● WORK INSTRUCTIONS:
Write down exactly what lies from the line containing "X0000092300089200709211239" to the end of the records, inclusive, and omit the pictures.

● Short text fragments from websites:
--------------------------------
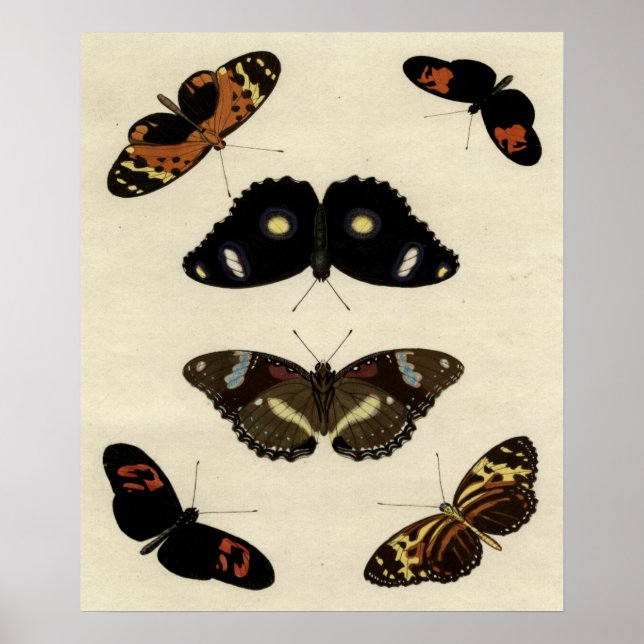 Farbenfrohe Butterfly-Medley auf Creme Background Poster (Vorne)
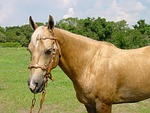 palomino, horse, mare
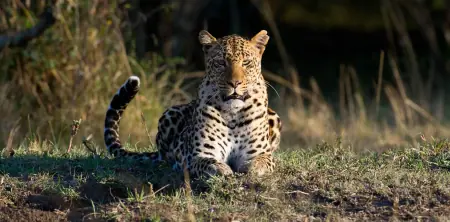 African safari photograph by From Dreams To Africa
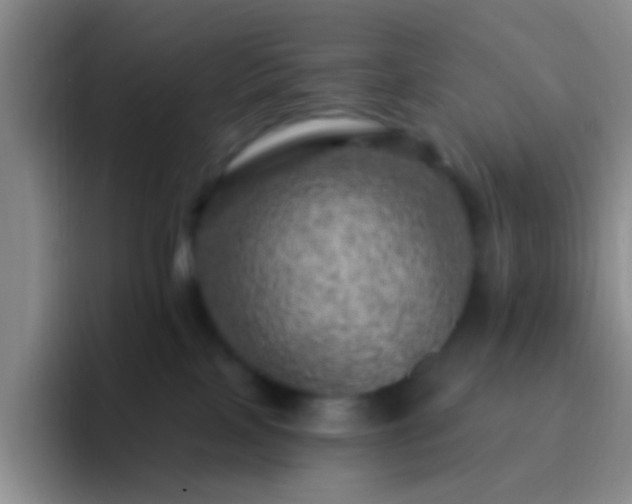 X0000092300089200709211239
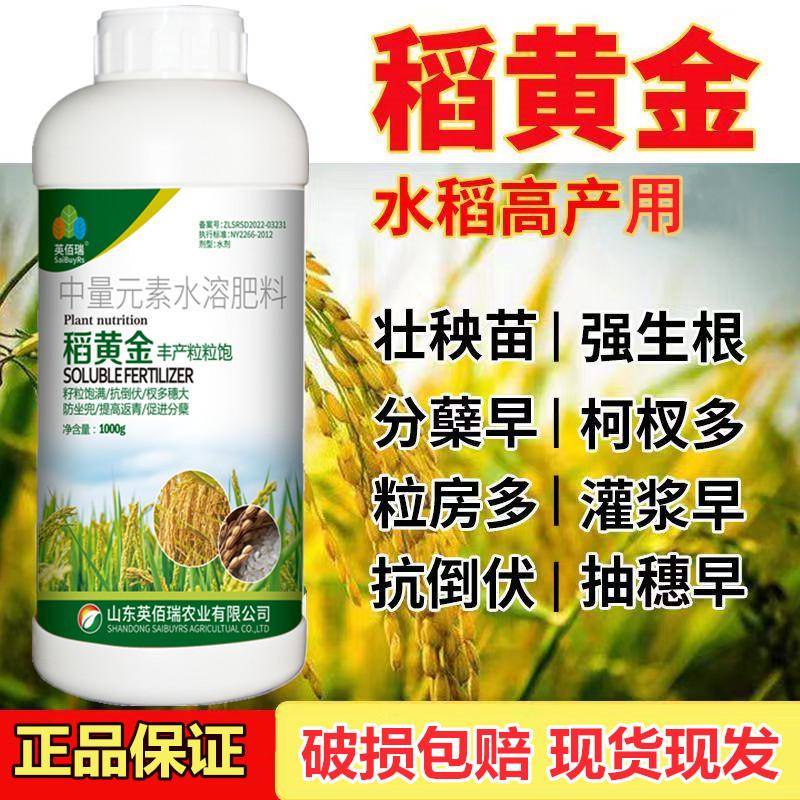 稻黄金水稻专用肥叶面肥反清分蘖液体肥增产剂抗倒伏生根剂营养液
--------------------------------
● RESPONSE TO THIS TASK:
 X0000092300089200709211239
 稻黄金水稻专用肥叶面肥反清分蘖液体肥增产剂抗倒伏生根剂营养液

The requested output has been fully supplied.